Schwere Gewitterereignisse und damit verbundene Wetterextreme wie Hagel, konvektive Sturmböen oder Tornados verursachen in Europas häufig erhebliche Schäden an Gebäuden und Infrastrukturen oder in der Landwirtschaft und dem Ökosystem. Trotz der hohen Relevanz der Fragen zur vergangenen und zukünftigen Entwicklung solcher Ereignisse ist die Rolle der natürlichen Klimavariabilität und der Einfluss durch großräumiger dynamischer Prozesse und Mechanismen auf solche Erscheinungen noch recht wenig verstanden. Um diese Wissenslücke zu schließen, widmet sich die Arbeitsgruppe „Atmosphärische Risiken“ am IMK-TRO seit ein paar Jahren in mehreren Projekten dieser Fragestellung.

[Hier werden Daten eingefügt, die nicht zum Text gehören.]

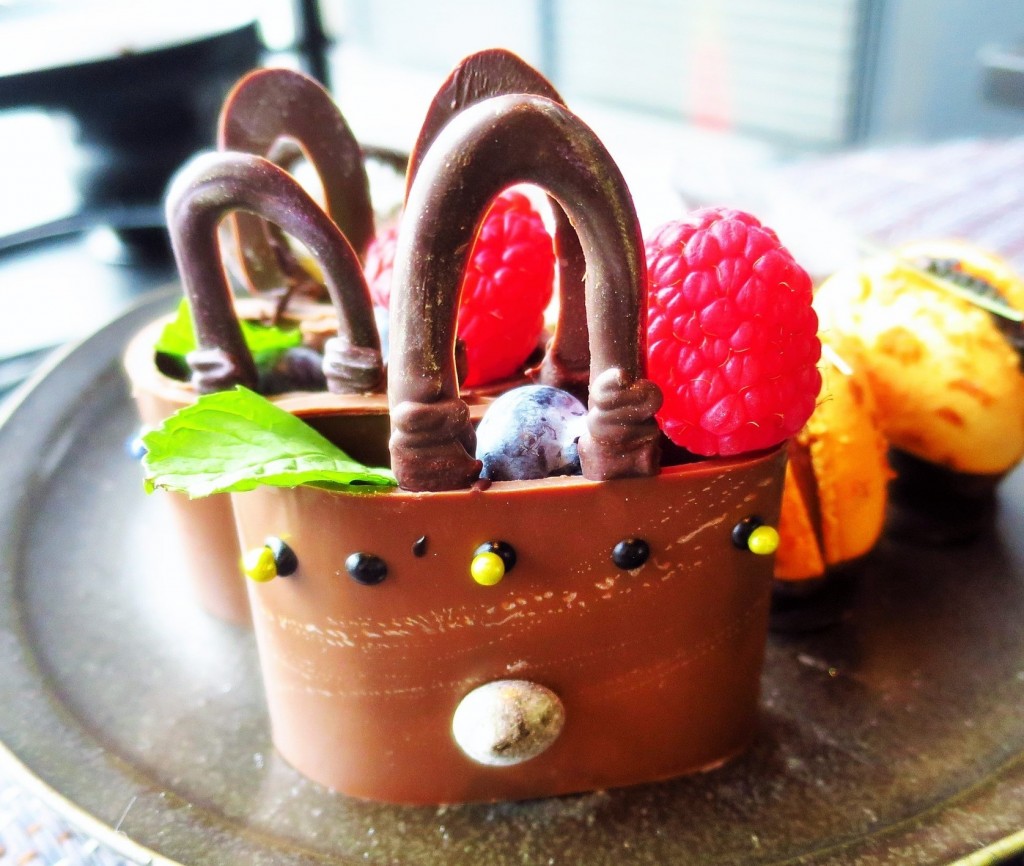 ザ・ラウンジ by アマンのアフタヌーンティーのチョコレートバッグ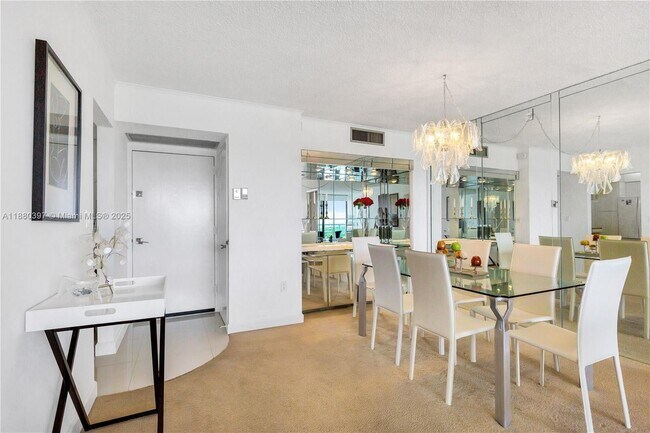 Foto del edificio - 3701 N Country Club Dr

Kürzlich wurde im Rahmen einer Doktorarbeit gezeigt, dass die jährliche Variabilität der Gewitterereignisse mit der Variabilität der atlantischen Meeresoberflächentemperatur oder verschiedenen Telekonnektionsmustern der nördlichen Hemisphäre (z.B. Nordatlantische/Ostatlantische Oszillation) zusammenhängt (Piper, 2017; Piper und Kunz, 2017; Piper et al., 2019). Beispielsweise beeinflusst die Meeresoberflächentemperatur über dem Golf von Biskaya die jährliche europäische Gewitterhäufigkeit, wobei hier der größte positive Effekt in Frankreich zu beobachten ist.

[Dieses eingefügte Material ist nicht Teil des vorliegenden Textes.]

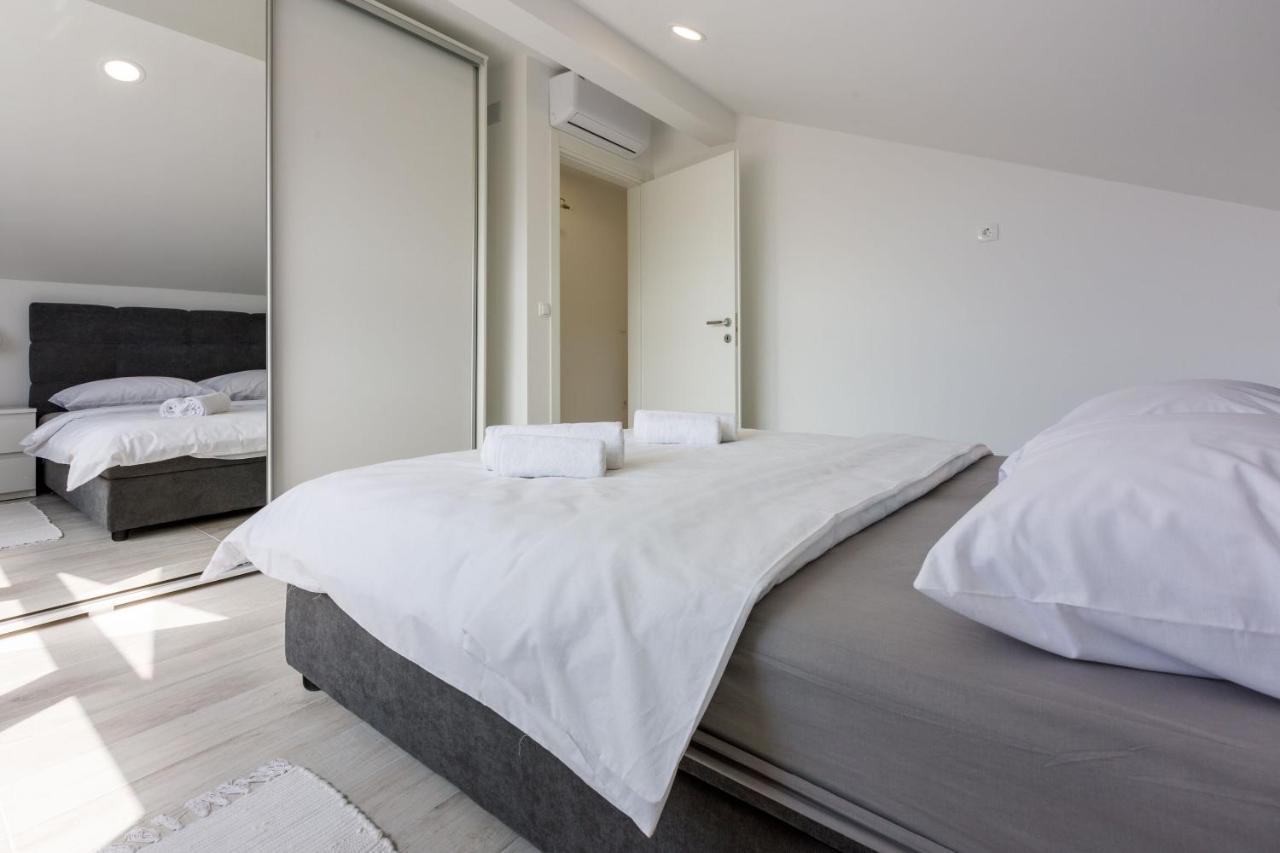 Apartments Cvetkovic Crikvenica Exterior photo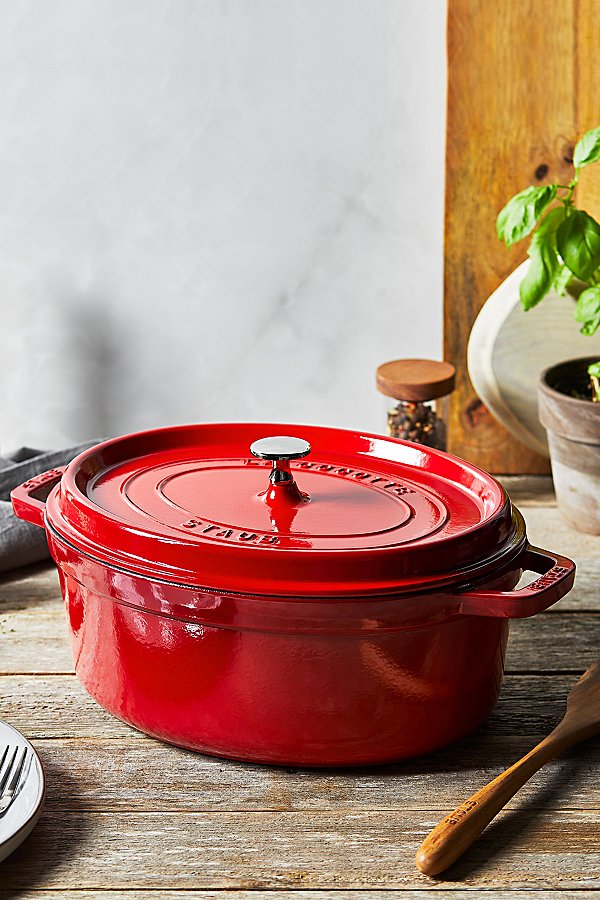 Staub Cast Iron Oval 5.75-quart Cocotte Dutch Oven Made In France In Red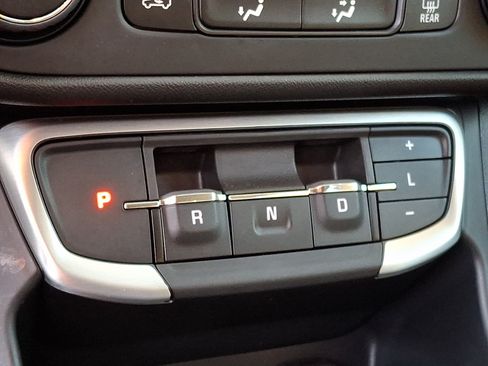 Certified 2024 GMC Terrain SLE FWD image 16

In mehreren Arbeiten der Arbeitsgruppe wurde außerdem untersucht, ob bestimmte Wetterregime wie beispielsweise Blockingsituationen über Europa einen Einfluss auf die Gewitteraktivität haben. Atmosphärisches Blocking mit einer Lebensdauer von mehreren Tagen bis Wochen ist ein quasi-stationäres, persistentes Strömungsmuster in der mittleren Atmosphäre. Dadurch wird die Tiefdruckaktivität in einer bestimmten Region beeinflusst. So führt ein nahezu stationäres, stabiles Hochdruckgebiet in der Troposphäre in 5 bis 10 Kilometern Höhe zu einer Blockierung des Westwinddrifts. In der Vergangenheit wurde bereits gezeigt, dass solche persistenten Wetterlagen die Intensität und Häufigkeit von Wetterextremen wie Kälteperioden, Hitzewellen oder Starkregenereignissen in Regionen flussaufwärts oder flussabwärts des blockierten Gebietes einhergehen.

Auch erste Fallstudien im Rahmen der Forschungsaktivitäten der Arbeitsgruppe deuteten auf einen Zusammenhang zwischen Blocking und Gewitterereignissen hin. Beispielsweise zeigen Piper et al. (2016), dass eine außergewöhnliche Abfolge von schweren Gewittern, die mehrere Sturzfluten im Mai und Juni 2016 in Deutschland verursachten (z.B. Sturzflut Braunsbach), durch persistente konvektionsfördernden Bedingungen begünstigt wurden. Diese außergewöhnliche Situation, die fast zwei Wochen anhielt, konnte zunächst mit einen skandinavischen und später mit einem europäischen Block in Verbindung gebracht werden.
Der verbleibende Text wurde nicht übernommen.